Have looked at the post by @felixxm - it seems that all the magic like SeparateDatabaseAndState was not required. One could just add the deletion migration at some point later. Wouldn’t get even a warning from django. Like this:

  • remove the field/model from the source
  • deploy the app
  • makemigrations
  • deploy again

That’s true. In a team setting it’s not typically feasible to prevent others from running makemigrations and committing the results. The technique in the post is mostly about orchestrating individual changes so that they don’t affect others like this.

1 Like

In a team setting it’s not typically feasible to prevent others from running makemigrations and committing the results.

For django-safemigrate, it was important to me that I be able to enforce that makemigrations would produce no changes for precisely this reason.

From my personal experience (solo dev and using migrations full time for 3 years now, doing roughly one migration per working day), I feel like almost all of the transitory downtimes I get on deploys is that I add a column that has no db_default and isn’t nullable.

A simple check command I can run in my deploy script that fails the deploy if I’m in one of those situations seems like it would handle most of this.

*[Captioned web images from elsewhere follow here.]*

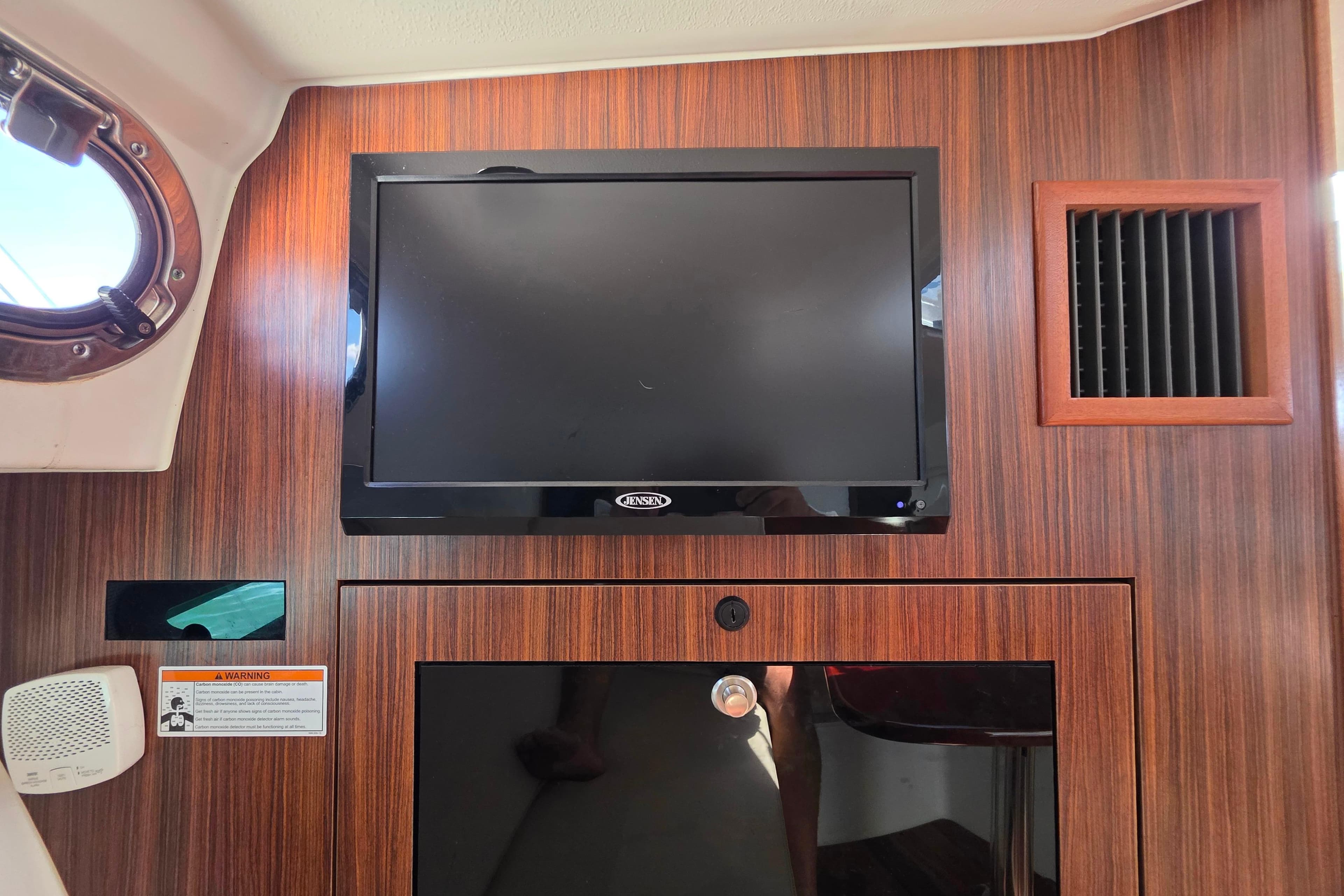 Interior of 2020 Pursuit OS 325 Offshore with wall-mounted Jensen TV.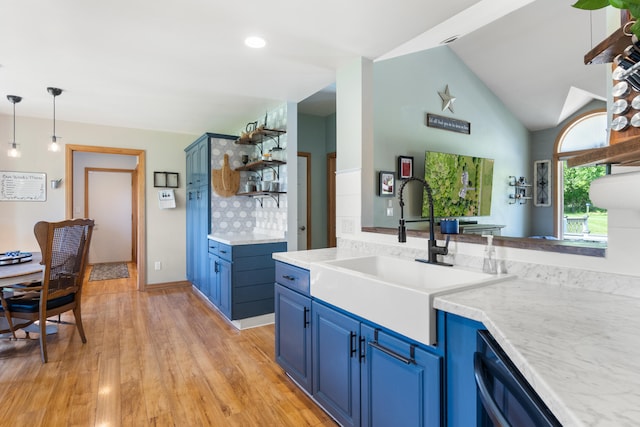 7918 Dan Patch Dr, Jackson, MI 49201 - kitchen with blue cabinetry, a sink, open shelves, dishwashing machine, and light wood-type flooring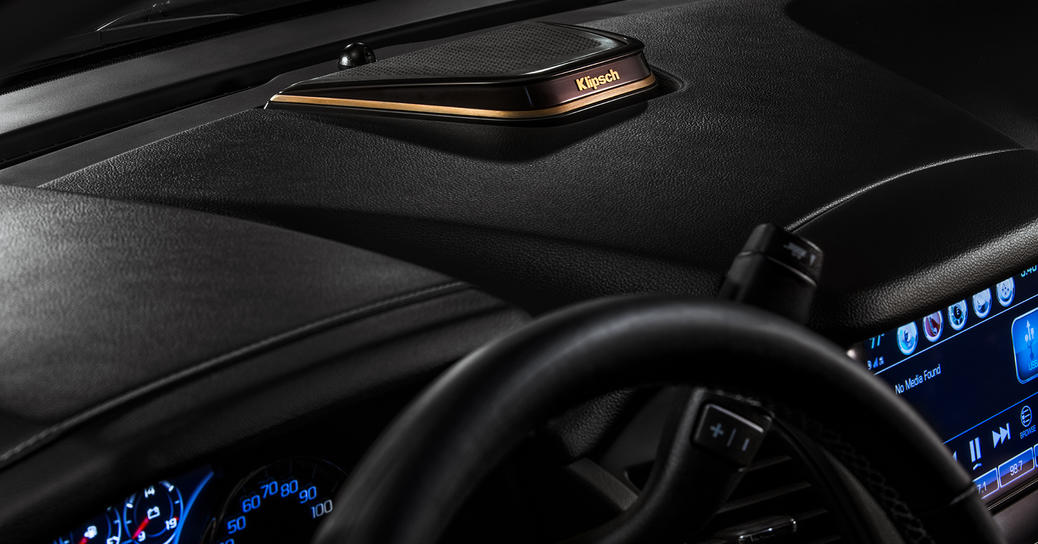 Car interior showing Klipsch Premium audio speaker on car dashboard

Adding the same check for deleting columns should handle another good chunk.

I don’t think we need to overcomplicate this more than that honestly. If we can ship this simple check command, we can massively improve the situation and then wait a few months and see what problems remain.

1 Like

A simple check command I can run in my deploy script that fails the deploy if I’m in one of those situations seems like it would handle most of this. Adding the same check for deleting columns should handle another good chunk.

@boxed I’d welcome your feedback on django-syzigy in this case.

In the case of field addition it will make sure to always insert an intermediary AddField(db_default) (and have a post-deploy AlterField(<without-db_default>) is you used default) and use an equivalent approach for column removal.

The only thing needed is to change your deployment workflow to do migrate --pre-deploy, then deploy, and then migrate.

You can also configure your CI to prevent your from merging changes that are not safely deployable in stages by setting up a feature branch check do

  1. git checkout <target-branch>
  2. ./manage.py migrate which will set the CI database as it is currently deployed
  3. git checkout <feature-branch>
  4. ./manage.py migrate --pre-deploy which will exit with an error code if you are trying to merge schema changes that cannot be safely applied in a rolling deployment manner

I saw it linked before and tried reading the readme but honestly I didn’t understand it. I think the readme might need to be reworked. Your description above didn’t really click for me either I’m afraid.

I’ve just come across this thread in the course of looking into how others approach this problem. I’m operating in an environment where we it’d be advantageous to minimise downtime.

I also totally see this as a more advanced use-case that seems to necessarily invite a degree of complexity that might (justifiably!) be too confusing / intimidating to justify concerning ‘the masses’ with it. It seems reasonable to me for this to be locked away as a third-party thing, assuming that Django can be appropriately hooked to allow for a third-party solution, which it seemingly can be!

For what it’s worth @charettes, the README is understandable to me :stuck_out_tongue:.

1 Like

Coming a bit late to the party but I was toying with an idea on a similar line here. Just cross-referencing, discussion can continue here.